- Court: U.S. Supreme Court Certiorari Granted
- Area(s) of Law: Copyright
- Date Filed: January 10, 2014
- Case #: 13-461
- Judge(s)/Court Below: 712 F.3d 676
- Full Text Opinion
Respondent provides a paid online service which retransmits, or records live broadcast television programs for their subscribers to view over the Internet, without paying any licensing fees.

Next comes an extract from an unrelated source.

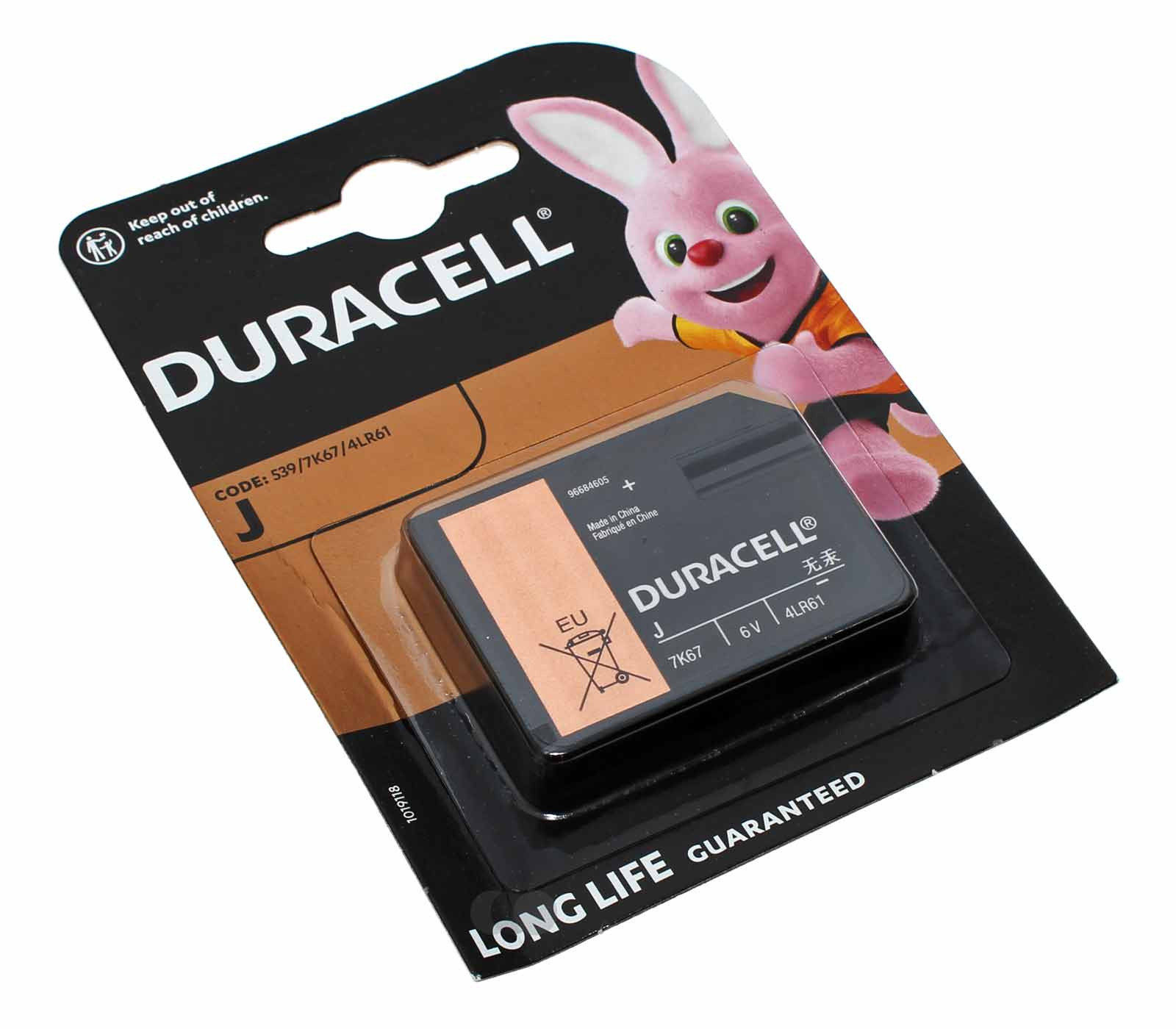 Duracell 7K67 4LR61 Block Spezial Batterie (Flat Pack) Alkali-Mangan, J 539, 6V, 500mAh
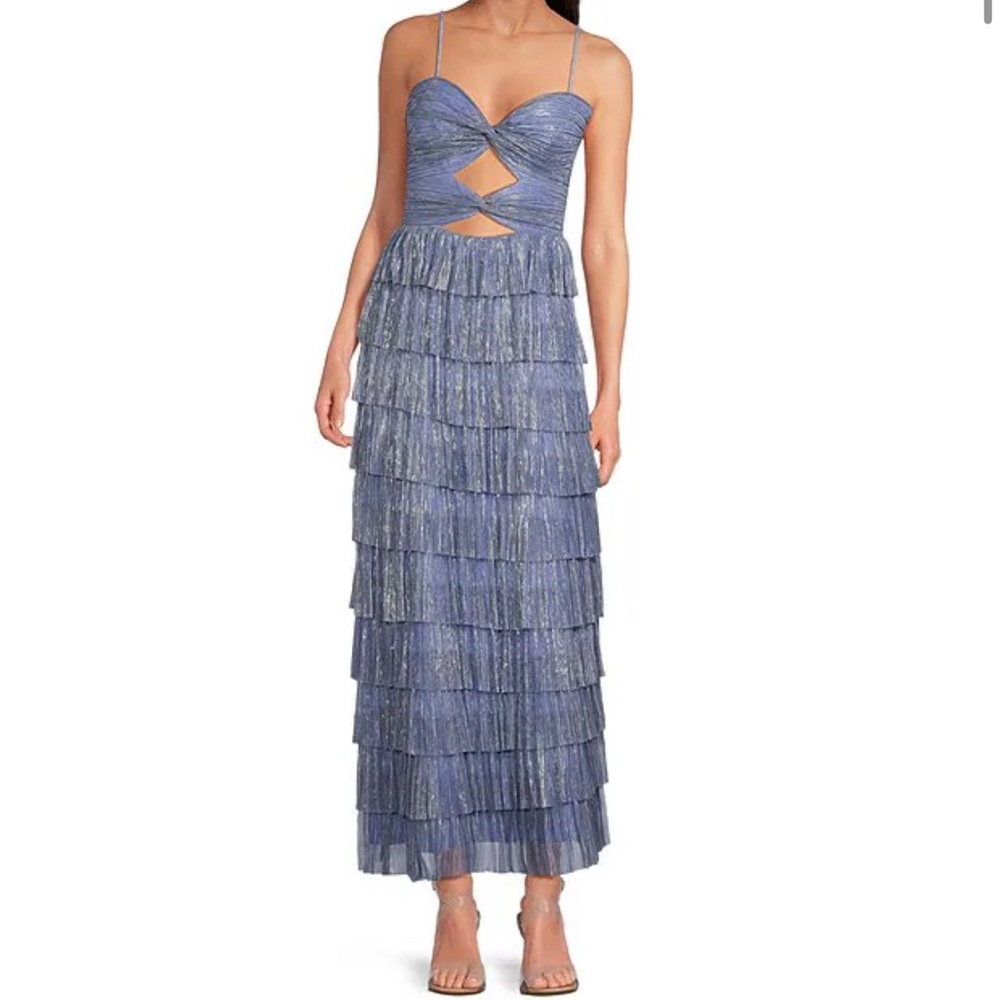 Gianni Bini Blue Maxi Ruffle Dress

Petitioner sought a preliminary injunction alleging that Respondent’s conduct violates their public performance right under 17 U.S.C. § 101. The district court denied a preliminary injunction against Respondent, because Petitioner did not satisfy the preliminary injunction factors: that they are likely to succeed on the merits, and that balance of the interest did not tip decidedly in Petitioner’s favor. Respondent argued that their service is a private performance, and that they designed their service to conform with the decision in Cablevision, because their retransmission is made to a limited audience rather than “to the public." The Second Circuit Court of Appeals upheld the District Court’s decision.Petitioner argues that a preliminary injunction should be granted because they are likely to succeed on the merits, and that the District Court abused their discretion in not granting the preliminary injunction. Petitioner argues that they are likely to succeed on the merits because Congress meant 17 U.S.C. § 101 to interpret "retransmission" as a public performance of copyrighted material. The Supreme Court granted certiorari to decide whether a company “publicly performs” a copyrighted television program when it retransmits a broadcast of that program to paid subscribers over the Internet.